The Toronto International Film Festival shows the way for Q1

TIFF Bell Lightbox custom built film centre in Toronto with Canteen restaurant at street level

By Ray Bennett

As the cost of publicity and promotion has become ever more expensive, big studios and indies know that the hoopla that surrounds major events such as the Toronto International Film Festival can have a huge payoff. 

The Toronto International Film Festival (TIFF) has become the biggest movie carnival in the world with a direct and major impact on the movies released in theatres and home entertainment.

It’s a showcase for Hollywood blockbusters, independent sleepers and art-house gems alike. Each September, it kicks off the autumn release schedule not only in North America but also around the world, and it heralds the start of the all-important awards season.

TIFF Co-director Cameron Bailey

TIFF, which began in 1976 as a “festival of festivals”, treasures its role as simply a place where people can go to the movies. Co-director Cameron Bailey says: “We strive to be the leading public film festival in the world. I think that’s what makes us unique. We’re not a film festival primarily for the film industry or for the film media, although there are thousands of them here every year, but we really are a festival for an audience.”

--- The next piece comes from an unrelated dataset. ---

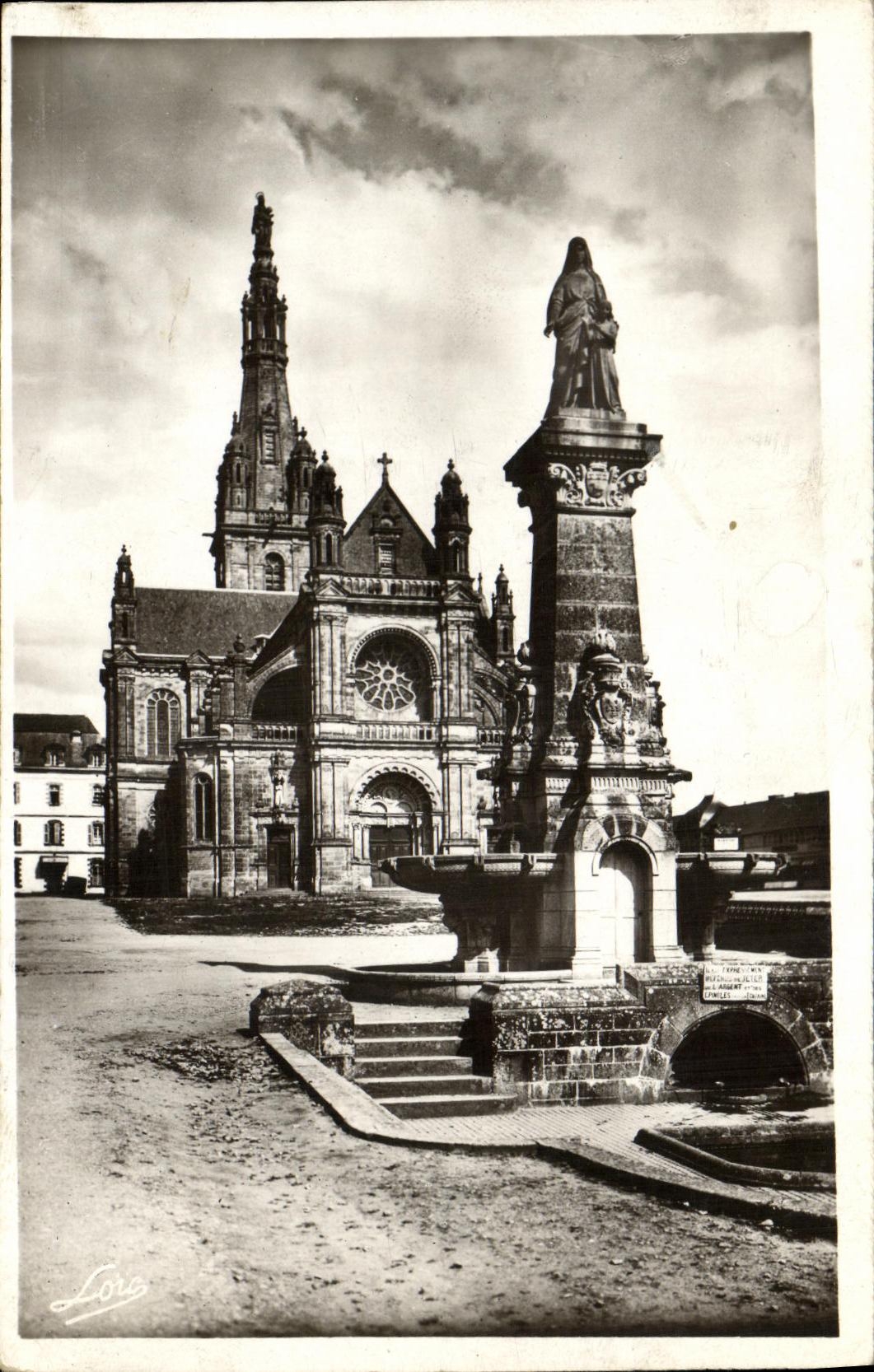 CPA Sainte Anne D Auray La Basilique et la Fontaine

Toronto’s moviegoing public rivals that of New York and Los Angeles in North America in attendance, sophistication and passion. The Canadian city has the best claim to be the No. 1 influence on what audiences everywhere will see in cinemas and in home entertainment over the coming months.

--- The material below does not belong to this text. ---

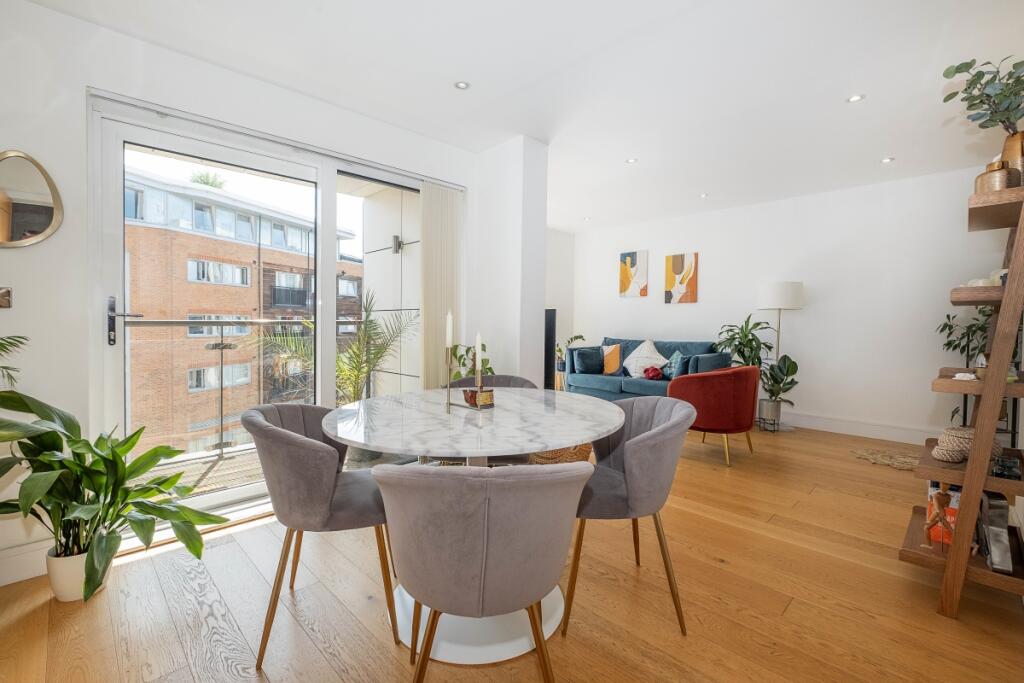1 bed Apartment for rent in Kingston upon Thames. From Hamptons - Kingston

“The buyers who come to buy films here come because they want to see how they play in front of the Toronto audience. Journalists want to see how films perform in front of the Toronto audience and that often drives their coverage. Our most important prize is the Cadillac People’s Choice Award so it really is for film fans, for filmgoers,” Bailey says.

As a result, producers and distributors of all shapes and sizes flock to TIFF and the event’s 10 days are chock-a-block with big-name filmmakers and movie stars. This year’s headliners included George Clooney, Ryan Gosling, Brad Pitt, Madonna, Robert DeNiro, Clive Owen, Seth Rogan and, Fernando Meirelles, Francis Ford Coppola.

Clooney was there with two films, a political drama titled “The Ides Of March” that eOne will release in the UK on Oct. 28 (see Cue August 2011), and the family comedy drama “The Descendants”, which 20th Century Fox will release here theatrically on Jan. 27 (See spotlight).

Both films are set to be hugely popular with “Ides of March” also set to confirm Ryan Gosling as a major star following his well-received noir picture “Drive”, which Icon has currently in theatres. The title “The Ides of March” gives away what Clooney thinks about politics: it’s a place where people will stab you in the front. As director, star and one of the writers, Clooney delivers an engrossing drama set during a US presidential campaign but his real story is about one man’s disillusionment.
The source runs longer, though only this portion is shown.